Omit the images. Copy each entry word for word.

=== Data for processing ===

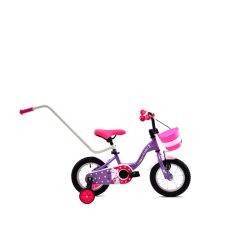   Capriolo Viola 12" gyerek kerékpár Lila 2-4 éveseknek 12 colos gyerek kerékpár | BELO BIKE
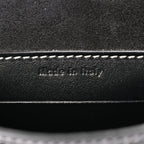 Celine  Smooth Calfskin Mini Symmetrical Bag Black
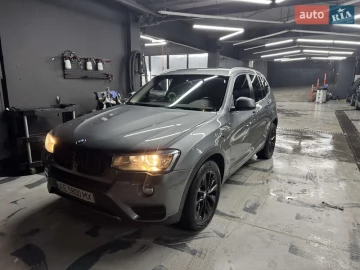 Авто BMW X3 2015 № 7805963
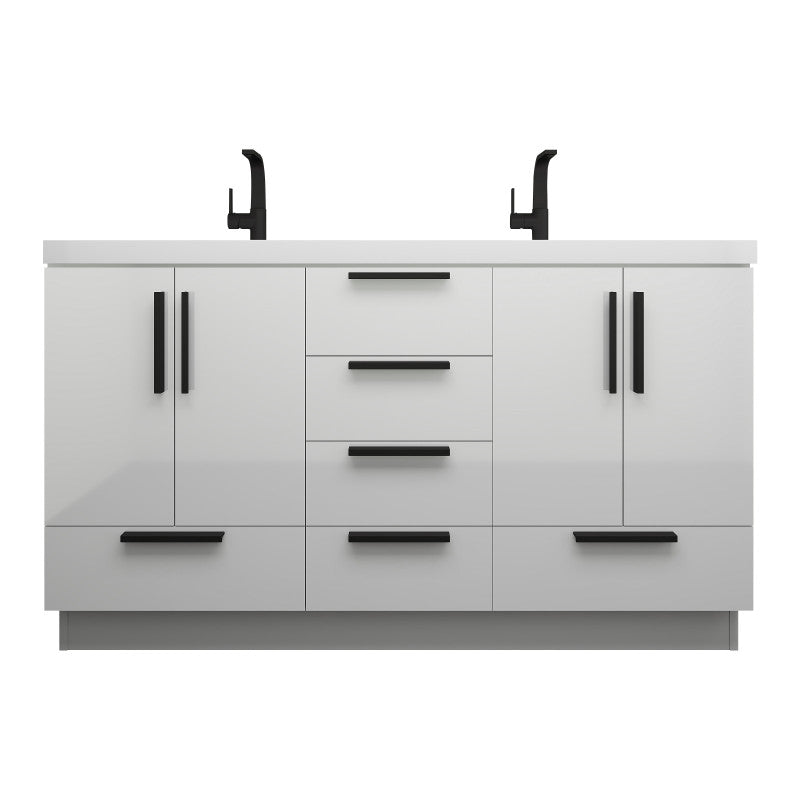 Carla 60D Gloss White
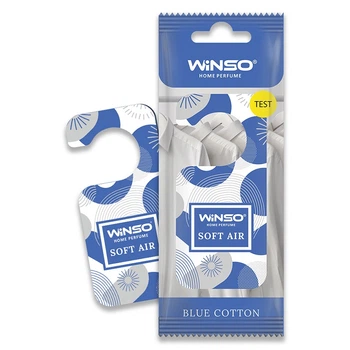 Ароматизатор Winso Soft Air - Blue Cotton 992320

===

**Response area:**
   Capriolo Viola 12" gyerek kerékpár Lila 2-4 éveseknek 12 colos gyerek kerékpár | BELO BIKE
 Celine  Smooth Calfskin Mini Symmetrical Bag Black
 Авто BMW X3 2015 № 7805963
 Carla 60D Gloss White
 Ароматизатор Winso Soft Air - Blue Cotton 992320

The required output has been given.